Keeping up with the bandwidth demands of embedded displays
Increasing resolutions and rising frame rates are making it more challenging than ever to drive embedded displays effectively.
Increasing resolutions and rising frame rates are making it more challenging than ever to drive embedded displays effectively.
Mobile devices such as phones and tablets now include 4K displays and cameras. Augmented reality (AR) and virtual reality (VR) applications demand even higher resolutions and frame rates to provide a realistic visual experience when the displays are mounted so close to the eye. And in automotive applications, dashboard displays are having to deliver more information than ever as they start to include autonomous driving overlays, external camera feeds, driver assistance features and infotainment.
The increase in the number of pixels to be processed and pushed to the displays is making heavy demands on embedded processors and display interfaces. AR and VR applications, for example, may need to be able to drive two 2k x 2k pixel displays, at frame rates of 90frame/s or more – from a thermally limited headset power budget of around 2W.
Synopsys and Arm have collaborated to provide an interoperable display processor unit (DPU) and MIPI DSI IP solution that enables 4K embedded displays for smartphones and AR/VR devices.
Building a better display processor
Arm provides Mali graphics and display processor IP to tackle these challenges. The latest addition to the Mali family is the Arm Mali-D71, Arm Assertive Display 5 and Arm CoreLink MMU-600 optimised for delivering 4K120 performance for next generation premium mobile devices.
Arm’s Mali-D71 DPU scans out the display pixels from memory, and can do other tasks such as power-efficient composition, alpha blending of multiple layers, high-quality scaling and in-line rotation. It will also handle gamma correction and colour management for the final display. The DPU also has a co-processor interface through which partners can connect their own display processing algorithms. The DPU eventually drives parallel RGB signals out to a DSI controller developed by Synopsys.
Figure 1 Arm Mali-D71 and Synopsys DesignWare MIPI DSI Host Controller IP with DSC encoder (Source: Synopsys)
The Mali-D71 DPU does all these operations with a single pass through memory, so the system doesn’t have to do multiple region writes to memory. This saves power. The processor also uses a lossless frame-buffer compression technique to reduce system bandwidth.
Supporting hardware includes the MMU, and a hardware composer that can take multiple display, composite them using the underlying hardware, and then send them to the display.
The Mali-D71 DPU needs to address the performance requirements of 4K120 displays, so has been given additional composition layers, greater performance, and optimisations to support Android multi-window use cases that need additional scaling capability.
Arm’s DPU has also gained support for native command-word panels to talk to DSI. Arm has also looked at ways of improving the way displays handle ultra-high-definition (UHD) and high data rate (HDR) content, for example by mapping HDR 10 content to a standard display.

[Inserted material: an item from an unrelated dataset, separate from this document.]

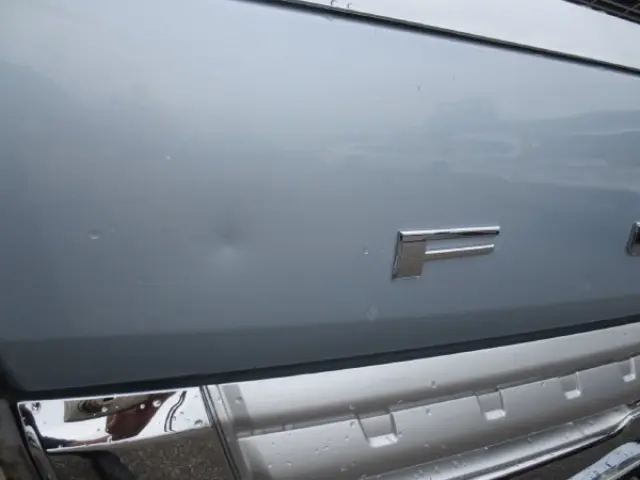 三菱 キャンター TPG-FEB50(2WD)の写真21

The Mali-D71 has two display pipelines, each of which can drive a display. Communication between the composition units and the display output units in the DPU makes it possible to dedicate the two display pipelines to drive a single display at double the performance. The architecture is also structured to double the number of composition layers available to eight when driving one display.

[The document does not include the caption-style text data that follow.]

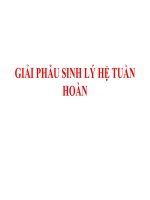 Giải phẩu sinh lý hệ tuần hoàn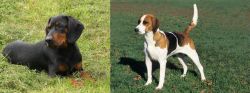 Slovakian Hound vs English Foxhound - Breed Comparison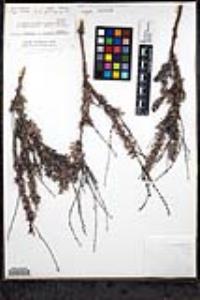 Eriogonum wrightii var. dentatum image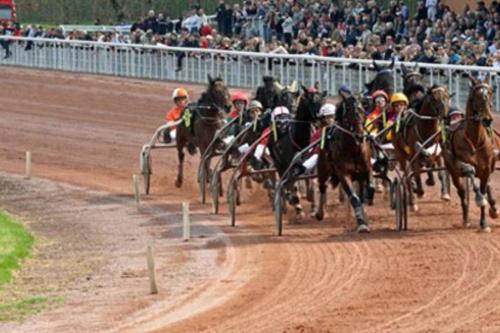 a group of horses racing on a race track at Appartement indépendant. in Beaumont-de-Lomagne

The main components of the DPU are the layer processing unit, the composition unit, and the display output unit. The layer processing unit is responsible for fetching a layer from memory in an efficient way and then feeding it to the composition unit, which composes the scene, does any scaling necessary, and then sends the data to the display output unit. This handles any final adjustments to match the data to the target panel’s characteristics, and then sends it on to the Synopsys DesignWare MIPI DSI Host Controller IP.
Supporting hardware includes a block called the AFBC DMA unit, which is dedicated to easing image rotation.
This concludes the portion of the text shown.